API Reference
TTS — Text-to-Speech
LiveConvert Swahili text into natural-sounding audio. Returns base64-encoded WAV in a JSON response.
Endpoint
POST /v1/text-to-speech/{voice_id}
Accepts a JSON body and returns a JSON response containing base64-encoded WAV audio. For text longer than 2,000 characters, the request is automatically processed asynchronously — you will receive a 202 response with a job_id instead. See the Async Jobs reference for polling.
Authentication
Pass your API key in the xi-api-key header. See Authentication.
Path parameters
| Parameter | Type | Description |
|---|---|---|
voice_id | string | The voice to use for synthesis. Currently sauti-swahili-v1. See Voices for available voices. |
Request body
| Field | Type | Required | Description |
|---|---|---|---|
text | string | Yes | The Swahili text to synthesise. Maximum 5,000 characters. Texts over 2,000 characters are processed asynchronously. |
voice_settings | object | No | Optional synthesis parameters. Contains speaking_rate (default 1.0), noise_scale (default 0.667), and noise_scale_duration (default 0.8). |
Response
On success, short texts return HTTP 200 with a JSON body containing the audio. Long texts (>2,000 chars) return HTTP 202 with a job_id for polling.
200 Response schema
| Field | Type | Description |
|---|---|---|
audio_base64 | string | Base64-encoded WAV audio data |
content_type | string | Always audio/wav |
duration_seconds | number | Duration of the generated audio in seconds |
characters_synthesized | integer | Number of characters that were synthesised |
voice_id | string | The voice used for synthesis |
json
{
"audio_base64": "UklGRi4A...",
"content_type": "audio/wav",
"duration_seconds": 1.84,
"characters_synthesized": 42,
"voice_id": "sauti-swahili-v1"
}Example request
bash
curl -X POST https://sauti.finiflowlabs.com/v1/text-to-speech/sauti-swahili-v1 \
-H "xi-api-key: YOUR_KEY" \
-H "Content-Type: application/json" \
-d '{
"text": "Habari za asubuhi. Unafanya kazi vizuri.",
"voice_settings": {
"speaking_rate": 1.0,
"noise_scale": 0.667,
"noise_scale_duration": 0.8
}
}'python
import requests
import base64
response = requests.post(
"https://sauti.finiflowlabs.com/v1/text-to-speech/sauti-swahili-v1",
headers={"xi-api-key": "YOUR_KEY"},
json={
"text": "Karibu sana.",
"voice_settings": {
"speaking_rate": 1.0,
"noise_scale": 0.667,
"noise_scale_duration": 0.8,
},
},
)
response.raise_for_status()
data = response.json()
audio_bytes = base64.b64decode(data["audio_base64"])

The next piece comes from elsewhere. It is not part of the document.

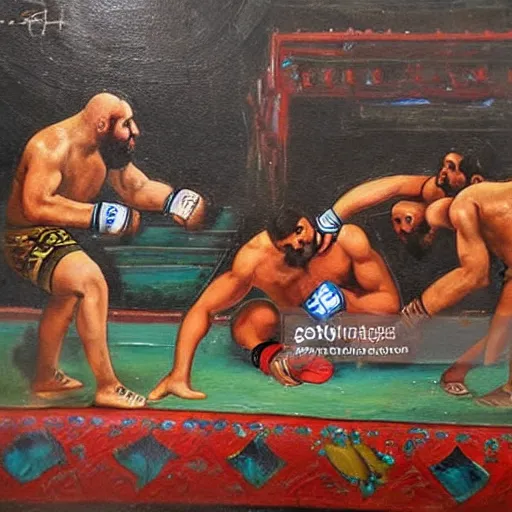 Prompt: persian painting of an MMA match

with open("output.wav", "wb") as f:
f.write(audio_bytes)
print(f"Saved {data['duration_seconds']}s of audio")Model details
- Architecture: VITS (Variational Inference with adversarial learning for end-to-end Text-to-Speech) with full fine-tuning.
- Training data: Google WAXAL
swa_tts— 1,387 training utterances (1,778 total across splits), recorded by native Kiswahili speakers. - Output sample rate: 16kHz mono WAV.
- Latency: under 500ms for inputs up to 200 characters on standard infrastructure. Longer texts scale linearly.
- Naturalness benchmark: improved MOS (Mean Opinion Score) over multilingual baselines on Swahili test sentences.
Error responses
Validation failures return 422. See the full Error Reference.
json
{
"type": "https://sauti.finiflowlabs.com/errors/unprocessable_content",
"title": "Unprocessable Content",
"status": 422,
"detail": "Field 'text' exceeds the maximum length of 5000 characters."
}